(Beginning of DATA EXTRACT)
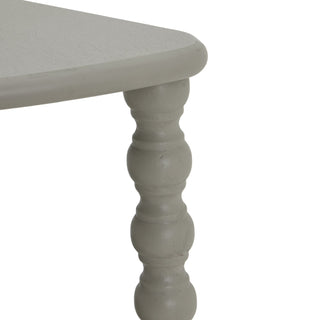 Close-up of the grey painted bobbin turned leg connecting directly beneath the console tabletop.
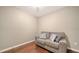 A cozy sitting room features hardwood floors and a comfortable sofa and throw pillows at 4611 Spahn St, Sarasota, FL 34232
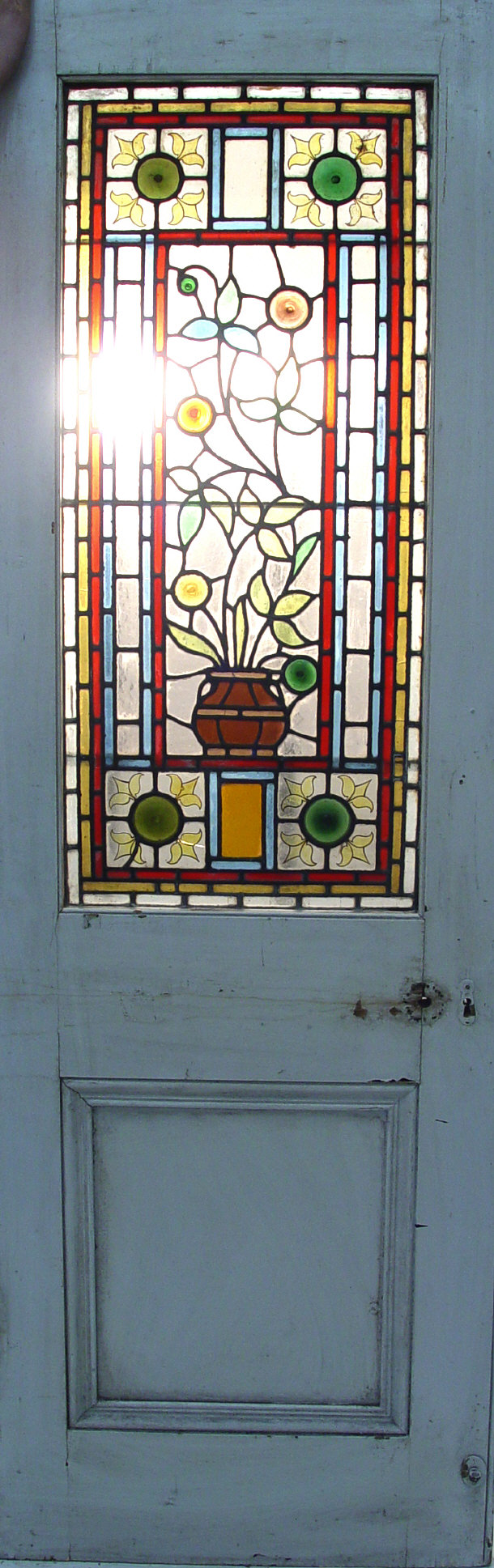 Appraisal: Two wooden doors inset with stained glass panels depicting flowers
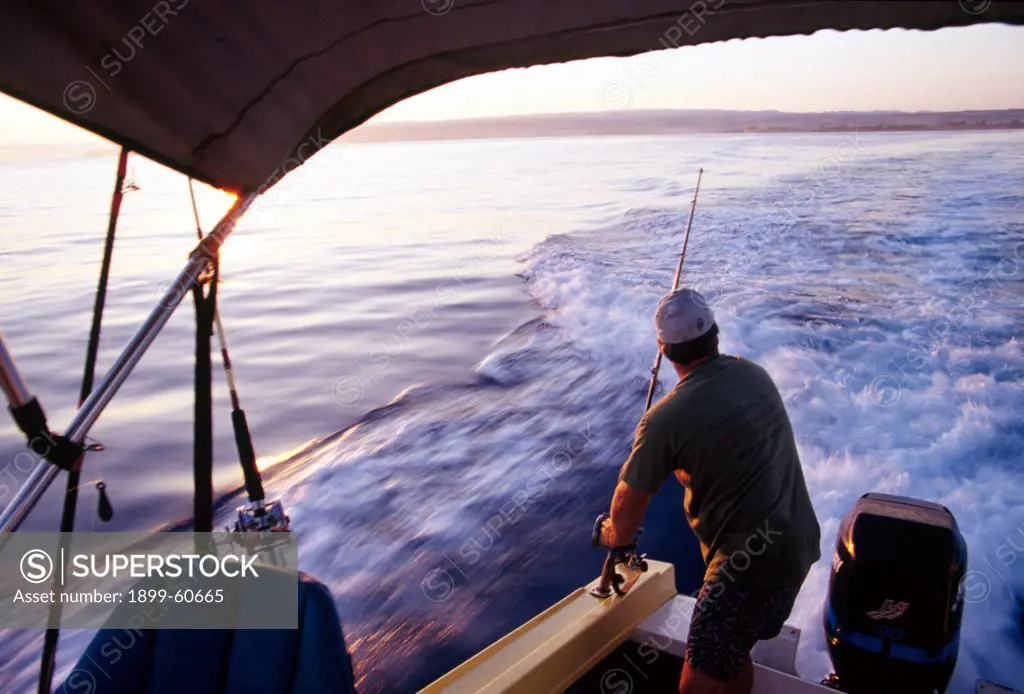 Man Rigging Deep Sea Fishing Poles On Fishing Boat Off The North Shore Of Oahu, Hawaii.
(End of DATA EXTRACT)
_DIRECTIONS_.
The result should be an exact copy of the material, containing no pictures.

_EXERCISE ANSWER_.
 Close-up of the grey painted bobbin turned leg connecting directly beneath the console tabletop.
 A cozy sitting room features hardwood floors and a comfortable sofa and throw pillows at 4611 Spahn St, Sarasota, FL 34232
 Appraisal: Two wooden doors inset with stained glass panels depicting flowers
 Man Rigging Deep Sea Fishing Poles On Fishing Boat Off The North Shore Of Oahu, Hawaii.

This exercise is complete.